[Short web captions]

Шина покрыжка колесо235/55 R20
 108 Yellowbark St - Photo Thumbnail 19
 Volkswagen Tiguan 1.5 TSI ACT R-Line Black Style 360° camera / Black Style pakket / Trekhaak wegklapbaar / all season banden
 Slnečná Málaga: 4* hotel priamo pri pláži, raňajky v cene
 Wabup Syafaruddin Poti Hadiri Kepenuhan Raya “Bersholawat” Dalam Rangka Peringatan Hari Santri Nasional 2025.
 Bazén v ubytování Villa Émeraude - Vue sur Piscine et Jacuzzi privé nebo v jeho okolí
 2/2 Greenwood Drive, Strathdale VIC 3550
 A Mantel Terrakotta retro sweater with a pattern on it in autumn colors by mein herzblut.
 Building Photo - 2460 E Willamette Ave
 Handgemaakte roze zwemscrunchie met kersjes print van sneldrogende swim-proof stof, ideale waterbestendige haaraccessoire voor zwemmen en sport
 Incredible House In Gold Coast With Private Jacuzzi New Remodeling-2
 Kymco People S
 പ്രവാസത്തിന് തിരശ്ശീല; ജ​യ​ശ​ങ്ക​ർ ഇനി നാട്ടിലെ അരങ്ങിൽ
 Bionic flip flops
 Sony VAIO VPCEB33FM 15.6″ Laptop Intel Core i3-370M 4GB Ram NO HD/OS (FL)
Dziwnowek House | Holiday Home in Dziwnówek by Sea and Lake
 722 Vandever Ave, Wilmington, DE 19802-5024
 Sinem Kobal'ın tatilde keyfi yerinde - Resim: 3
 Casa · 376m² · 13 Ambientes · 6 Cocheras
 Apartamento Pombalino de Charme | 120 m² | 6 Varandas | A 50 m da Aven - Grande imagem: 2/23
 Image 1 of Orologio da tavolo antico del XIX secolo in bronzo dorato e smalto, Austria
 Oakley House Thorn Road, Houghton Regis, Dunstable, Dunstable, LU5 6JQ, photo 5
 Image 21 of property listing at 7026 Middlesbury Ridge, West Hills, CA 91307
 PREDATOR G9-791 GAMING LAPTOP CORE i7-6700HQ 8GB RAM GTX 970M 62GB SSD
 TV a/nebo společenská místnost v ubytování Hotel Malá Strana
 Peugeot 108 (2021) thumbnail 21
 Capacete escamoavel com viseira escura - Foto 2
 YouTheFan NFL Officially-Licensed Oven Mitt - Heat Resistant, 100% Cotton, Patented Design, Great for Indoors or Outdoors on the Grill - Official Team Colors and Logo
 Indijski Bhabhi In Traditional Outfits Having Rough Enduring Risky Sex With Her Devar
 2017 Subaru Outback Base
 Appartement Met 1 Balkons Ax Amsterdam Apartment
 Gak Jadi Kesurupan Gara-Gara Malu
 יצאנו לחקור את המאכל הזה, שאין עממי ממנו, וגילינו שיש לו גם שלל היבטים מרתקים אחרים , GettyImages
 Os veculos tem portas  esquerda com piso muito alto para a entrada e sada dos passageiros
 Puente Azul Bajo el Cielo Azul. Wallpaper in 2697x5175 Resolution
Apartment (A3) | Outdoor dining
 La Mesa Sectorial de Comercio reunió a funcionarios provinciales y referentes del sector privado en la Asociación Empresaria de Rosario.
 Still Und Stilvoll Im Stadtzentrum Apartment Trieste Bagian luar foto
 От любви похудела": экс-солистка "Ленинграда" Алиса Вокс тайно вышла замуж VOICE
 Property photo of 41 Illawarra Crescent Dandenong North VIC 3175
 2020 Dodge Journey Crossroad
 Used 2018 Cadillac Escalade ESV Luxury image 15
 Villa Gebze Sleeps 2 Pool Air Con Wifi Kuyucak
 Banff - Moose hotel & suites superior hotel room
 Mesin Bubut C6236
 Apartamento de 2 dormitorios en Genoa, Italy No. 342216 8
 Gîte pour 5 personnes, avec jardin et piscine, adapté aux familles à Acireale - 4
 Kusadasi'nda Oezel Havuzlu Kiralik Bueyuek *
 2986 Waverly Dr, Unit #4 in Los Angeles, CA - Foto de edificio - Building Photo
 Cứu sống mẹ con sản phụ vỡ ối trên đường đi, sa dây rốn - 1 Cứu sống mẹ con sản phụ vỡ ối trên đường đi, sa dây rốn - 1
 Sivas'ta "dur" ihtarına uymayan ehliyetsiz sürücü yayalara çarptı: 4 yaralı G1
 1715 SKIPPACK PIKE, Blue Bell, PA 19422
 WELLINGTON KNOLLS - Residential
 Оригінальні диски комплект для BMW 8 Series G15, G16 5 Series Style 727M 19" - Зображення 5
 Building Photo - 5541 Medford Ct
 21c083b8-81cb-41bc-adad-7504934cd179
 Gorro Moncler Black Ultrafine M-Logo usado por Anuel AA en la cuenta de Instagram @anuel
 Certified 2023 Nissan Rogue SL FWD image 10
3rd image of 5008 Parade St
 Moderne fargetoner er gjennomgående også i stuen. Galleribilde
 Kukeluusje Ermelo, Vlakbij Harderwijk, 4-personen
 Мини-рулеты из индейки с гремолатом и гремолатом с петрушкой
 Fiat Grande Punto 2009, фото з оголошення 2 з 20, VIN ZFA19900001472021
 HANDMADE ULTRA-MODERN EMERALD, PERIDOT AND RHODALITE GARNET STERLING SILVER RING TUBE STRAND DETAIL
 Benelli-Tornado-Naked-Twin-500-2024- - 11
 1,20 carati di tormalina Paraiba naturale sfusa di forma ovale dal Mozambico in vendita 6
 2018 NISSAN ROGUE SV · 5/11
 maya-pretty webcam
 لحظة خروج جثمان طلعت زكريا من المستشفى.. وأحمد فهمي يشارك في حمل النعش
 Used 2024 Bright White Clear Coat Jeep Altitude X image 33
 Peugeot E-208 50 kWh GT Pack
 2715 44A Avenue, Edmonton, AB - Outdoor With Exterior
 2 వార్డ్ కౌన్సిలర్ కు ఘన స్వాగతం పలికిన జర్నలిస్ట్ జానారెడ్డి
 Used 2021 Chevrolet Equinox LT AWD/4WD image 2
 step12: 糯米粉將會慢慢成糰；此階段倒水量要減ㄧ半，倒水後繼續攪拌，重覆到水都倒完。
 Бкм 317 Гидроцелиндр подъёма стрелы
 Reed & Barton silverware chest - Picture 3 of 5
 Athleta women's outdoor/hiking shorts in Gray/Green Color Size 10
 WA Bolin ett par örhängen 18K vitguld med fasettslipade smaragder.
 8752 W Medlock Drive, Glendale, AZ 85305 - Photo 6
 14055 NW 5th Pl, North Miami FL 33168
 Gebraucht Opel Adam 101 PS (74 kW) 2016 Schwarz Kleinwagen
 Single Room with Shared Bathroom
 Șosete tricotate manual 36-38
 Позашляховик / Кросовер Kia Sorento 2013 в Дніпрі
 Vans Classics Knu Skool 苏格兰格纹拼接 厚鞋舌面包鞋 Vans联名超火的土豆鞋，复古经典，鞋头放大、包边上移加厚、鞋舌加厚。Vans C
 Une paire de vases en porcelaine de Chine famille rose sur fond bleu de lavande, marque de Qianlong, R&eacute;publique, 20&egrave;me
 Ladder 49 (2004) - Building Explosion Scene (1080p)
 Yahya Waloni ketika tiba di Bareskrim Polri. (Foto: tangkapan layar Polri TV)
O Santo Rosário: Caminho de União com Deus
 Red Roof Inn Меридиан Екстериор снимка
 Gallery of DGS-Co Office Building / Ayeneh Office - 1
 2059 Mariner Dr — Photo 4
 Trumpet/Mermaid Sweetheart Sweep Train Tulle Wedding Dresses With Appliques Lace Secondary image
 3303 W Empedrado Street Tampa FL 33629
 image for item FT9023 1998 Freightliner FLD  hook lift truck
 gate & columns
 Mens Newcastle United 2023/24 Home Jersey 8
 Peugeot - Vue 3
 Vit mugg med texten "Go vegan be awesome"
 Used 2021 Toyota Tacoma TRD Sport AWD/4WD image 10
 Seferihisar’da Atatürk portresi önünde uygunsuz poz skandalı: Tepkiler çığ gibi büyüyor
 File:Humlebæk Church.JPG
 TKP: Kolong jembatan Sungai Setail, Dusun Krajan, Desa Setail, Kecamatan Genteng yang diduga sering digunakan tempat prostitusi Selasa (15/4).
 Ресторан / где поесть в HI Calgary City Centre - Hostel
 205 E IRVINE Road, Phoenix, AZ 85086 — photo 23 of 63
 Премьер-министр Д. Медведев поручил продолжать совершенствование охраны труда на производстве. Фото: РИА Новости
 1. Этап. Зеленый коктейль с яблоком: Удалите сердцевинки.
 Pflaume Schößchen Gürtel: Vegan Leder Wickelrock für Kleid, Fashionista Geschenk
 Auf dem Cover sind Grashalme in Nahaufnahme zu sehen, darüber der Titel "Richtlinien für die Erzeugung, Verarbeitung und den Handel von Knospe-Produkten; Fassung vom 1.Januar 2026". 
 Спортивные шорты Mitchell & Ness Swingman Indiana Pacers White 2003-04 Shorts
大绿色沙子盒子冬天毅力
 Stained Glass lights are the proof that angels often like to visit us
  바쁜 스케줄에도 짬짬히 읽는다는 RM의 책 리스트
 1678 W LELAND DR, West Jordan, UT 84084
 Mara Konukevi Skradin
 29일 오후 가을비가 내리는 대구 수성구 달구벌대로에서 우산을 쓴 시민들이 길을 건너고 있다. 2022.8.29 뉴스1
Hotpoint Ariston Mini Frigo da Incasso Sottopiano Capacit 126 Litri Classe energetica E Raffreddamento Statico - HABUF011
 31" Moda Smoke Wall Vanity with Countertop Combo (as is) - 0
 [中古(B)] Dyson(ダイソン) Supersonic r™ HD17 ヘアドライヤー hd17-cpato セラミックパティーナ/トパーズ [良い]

**TASK OBJECTIVE:** Start with the line above that contains "29일 오후 가을비가" and end with the line that contains "(as is) - 0". Write out those lines exactly, and only those.

**EXERCISE OUTPUT:**
 29일 오후 가을비가 내리는 대구 수성구 달구벌대로에서 우산을 쓴 시민들이 길을 건너고 있다. 2022.8.29 뉴스1
Hotpoint Ariston Mini Frigo da Incasso Sottopiano Capacit 126 Litri Classe energetica E Raffreddamento Statico - HABUF011
 31" Moda Smoke Wall Vanity with Countertop Combo (as is) - 0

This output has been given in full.